I have a love hate relationship with social media.
On one hand, social media (especially Instagram) is helpful for keeping up with my writing friends, getting book recommendations, looking at pretty pictures or funny memes, and building a platform with hopes to be able to reach as many people as possible with the stories and articles God lets me write.
On the other hand, social media is often a time-sucking highlight reel where real relationships are not fostered so much viewed through a screen as well as an outlet for attention-seeking clamoring for recognition (especially for aspiring authors and others who “need” to build their platform for their career).
I see benefits and dangers alike in social media. Like most things, it’s good in moderation.
Instead of scrolling through social media, I’d rather…
- Doodle in my bullet journal
- Listen to an audiobook (preferably Dracula)
- Curl my hair
- Do something that will make me satisfyingly sore the next day
- Reread The Chronicles of Narnia (especially The Horse and His Boy)
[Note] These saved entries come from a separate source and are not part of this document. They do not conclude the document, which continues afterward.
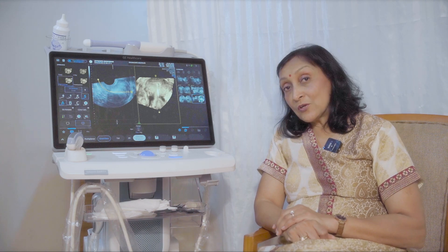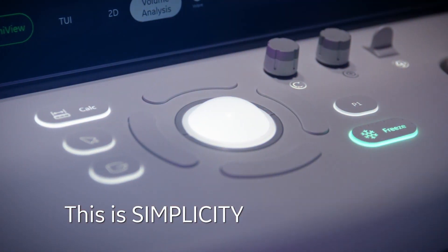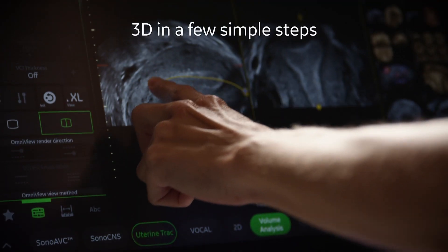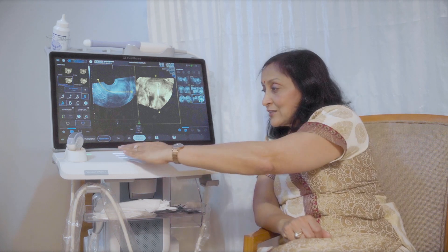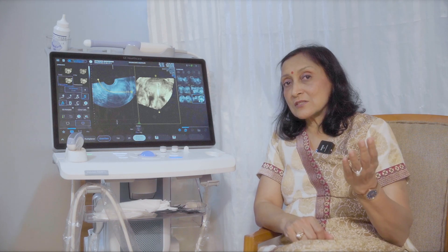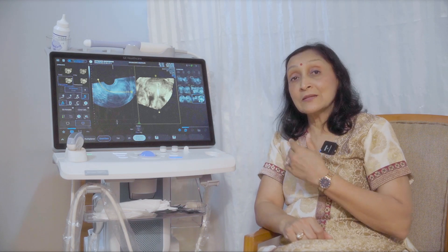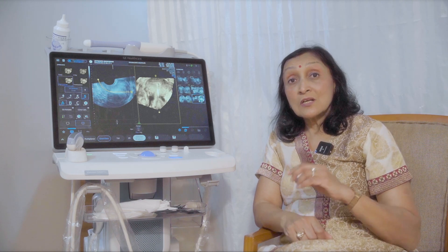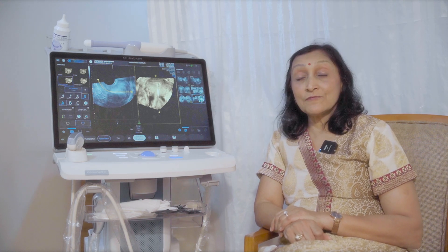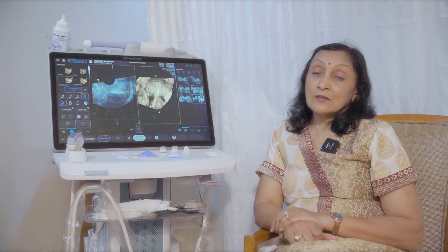Moreover, because everything is on the touch screen, there is hardly anything physical on the machine. It's very easy for me to clean it, and I can just shift it from my examination room to the OT and from the OT back. This is something which is truly a very comfortable and convenient model for a person who has to do interventional ultrasound as well as routine scans.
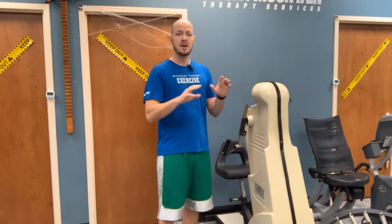The first standing one we're going to do — before I tell you that, make sure you're at a countertop in your kitchen or the kitchen table, or the back of a really sturdy couch. Something that you can hold on to because I don't want you to fall over.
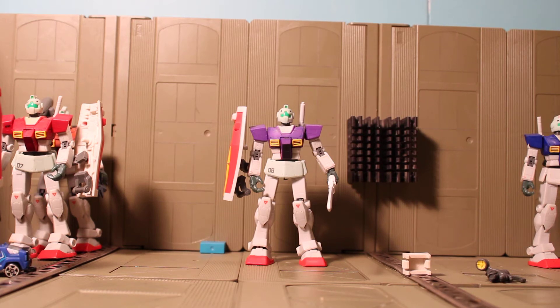Hey guys, Jessica Dammu here with another Custom Gundam MSI review, and today I'm reviewing my Purple GM.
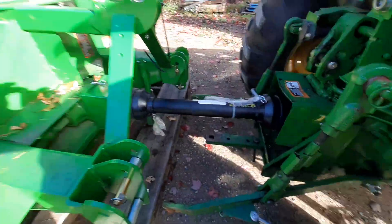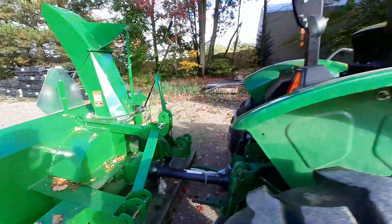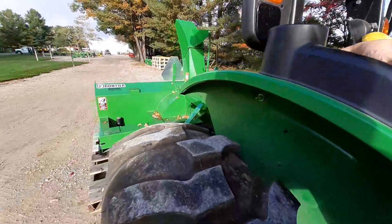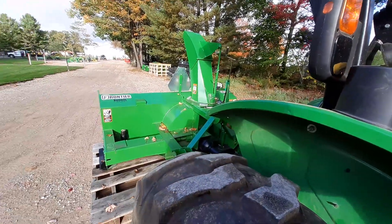All right, let's see if DTO is hooked up. I'm ready to test this thing. Now this thing is going to beep because there's no operator on the seat, but at least it will allow the DTO to run and function. That's cool. Here we go.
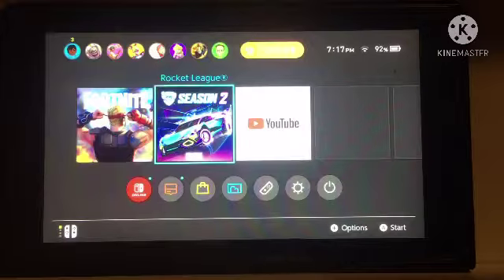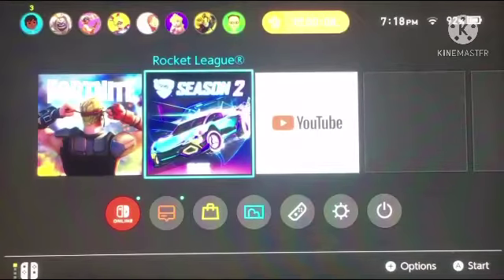You can use your box to support your Switch in the right direction. So now I will show you how it looks like cropped. I guess this is what it looks like cropped.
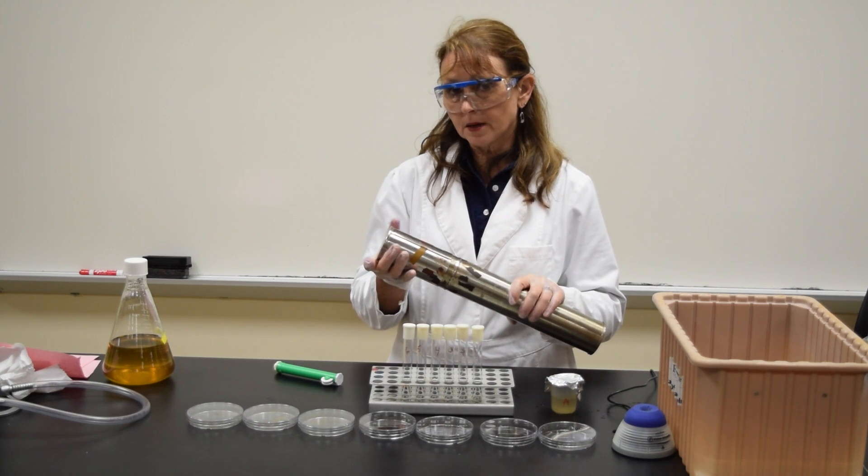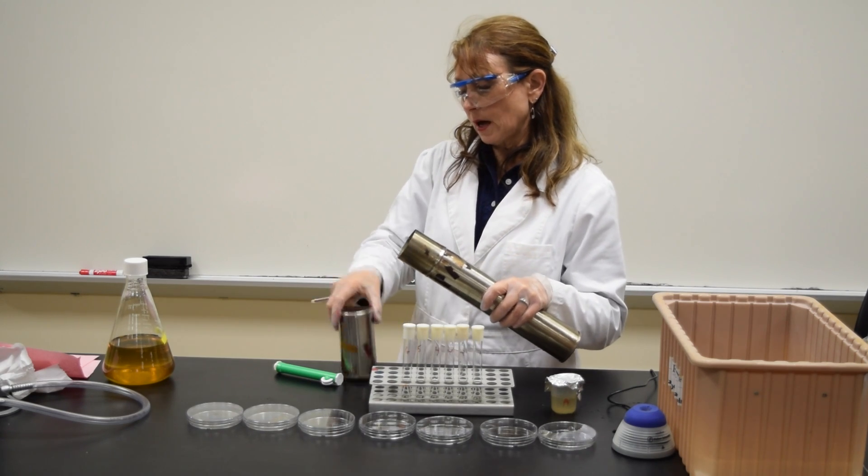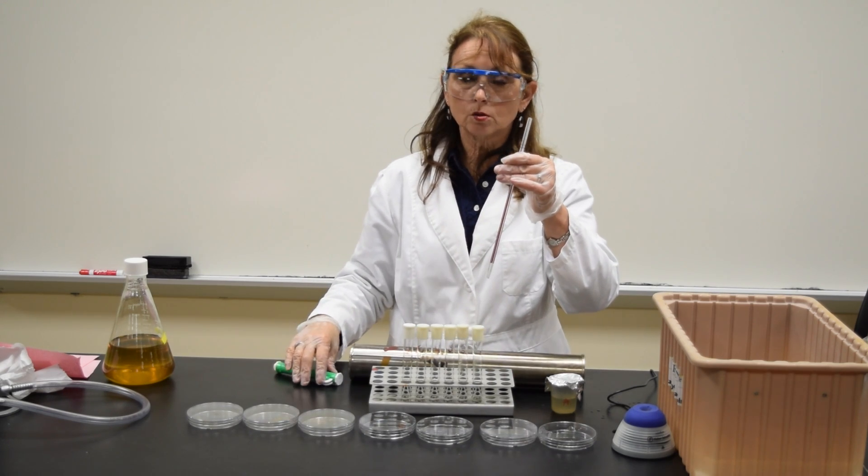I'll be using sterile pipettes from this can. Open up the can, remove a pipette. Make sure that you don't place the pipette on the bench, nor do you touch it.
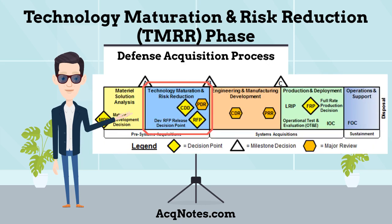This is a figure of the defense acquisition process. You can see where the TMRR phase is located by the red box.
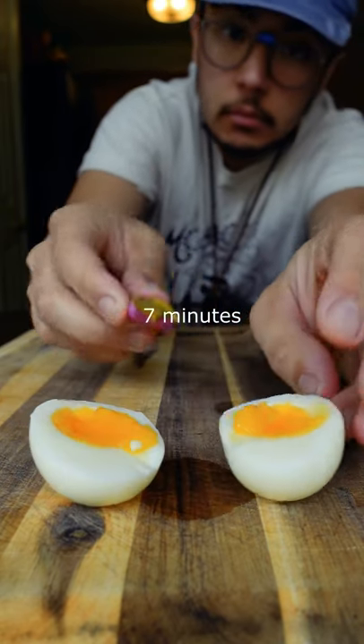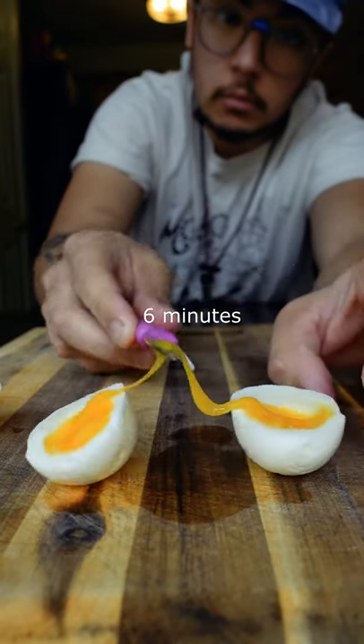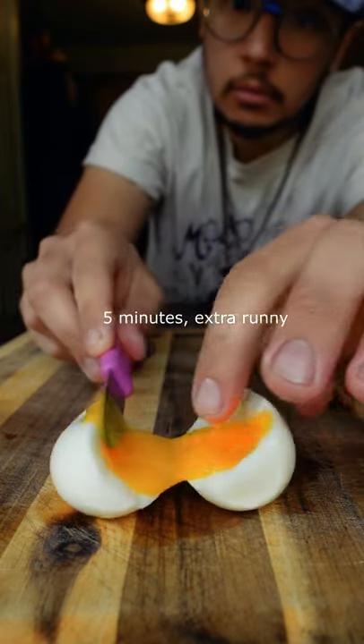So: boiling water, a little baking soda, and eggs straight from the fridge. Which cook time do you guys prefer? Seven minutes is my favorite, but do what makes you happy.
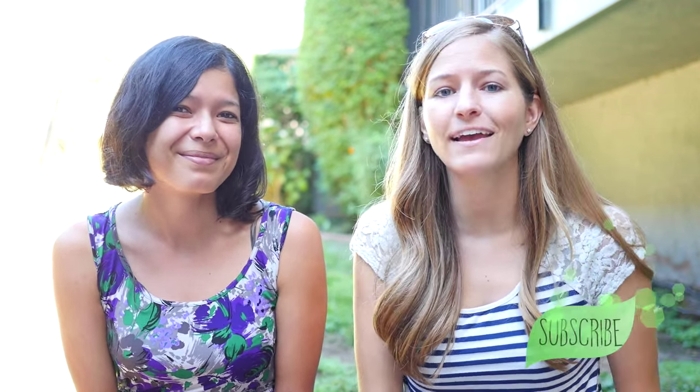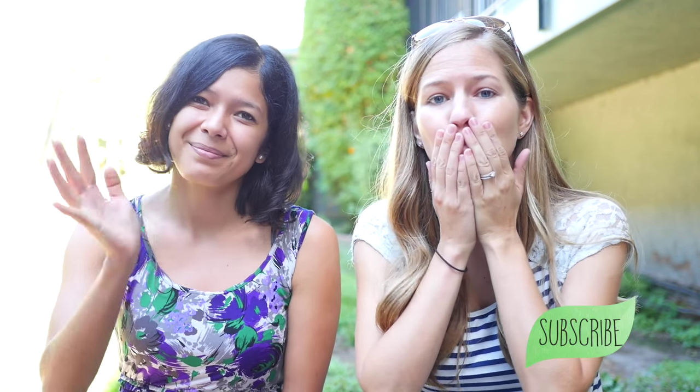As always, you can find more of our videos over at worldofvegan.com and veganoutreach.org. And don't forget to click subscribe so you can stay tuned for our future videos. Thank you guys so much for watching, and we'll see you next time. Bye!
- Make a card and write a note
- Call my parents and other loved ones I miss
- Go to a coffee shop where there are real people, not just people to “see” or “know” through a screen
- Worship to some of my favorite songs
- French press some coffee
- Cook something from scratch
- Read Psalm 145
- Go for a walk–no matter the weather
- Paint my nails
- Lay on the floor, stare at the ceiling, and think instead of allaying my boredom or anxious thoughts with mere distraction
- Turn my thinking into praying
- Take some pictures and then edit them–not necessarily to post them somewhere, but to have them for me to enjoy
- Write and send a letter to someone I don’t know personally who inspires me
- Read Romans 8
- Write a short story
- Hang some pictures or poems on my walls
- Make an aesthetic collage for one of my stories
- Pray Psalm 119
- Look at the sky to see the moon or the shape of the clouds or to feel the sun on my face
- Reread the books that had a role in forming me into who I am today *stares at all the Nadine Brandes, Robin McKinley, and Tony Reinke books*
- Watch a good movie with superior storytelling (hahahaha, like The Lion King, The Secret Life of Walter Mitty, The Lord of the Rings, The Dark Knight trilogy, etc.)
- Listen to the sound of water put into notes by Claude Debussy in his piece of artistry called “Isle of Joy”
- Snuggle with my cat
- Recall to mind my favorite childhood memories
- Sleep
- Read Ephesians aloud
- Reread Hinds’ Feet on High Places
- Make scones
- Walk through the library, especially the sections I don’t usually go to
- Stare at Monet’s beach scenes or Casatt’s portraits of her sister or other lovely impressionistic art
- Do a word study on a Greek or Hebrew word from the Bible
- Read an article on Desiring God and not exit out of the tab right away but instead read it again and think about what it has to do with my life
- Learn some origami
- Reread Hebrews
- Have a spontaneous karaoke or dance party
- Do something for the sensation of it (e.g. – sprint down the road and feel the stitch in my side and the burn on the fringe of my lungs and the jarring impact of each footfall etc.)
- Play piano or ukulele
- Scratch around with my charcoal
- Re-pot my succulents
- Send a message or text to my friends far away
- Journal about what’s been on my mind
Well, that’s the end of that. Lol, would you look at that. I get better and better at ending blog posts.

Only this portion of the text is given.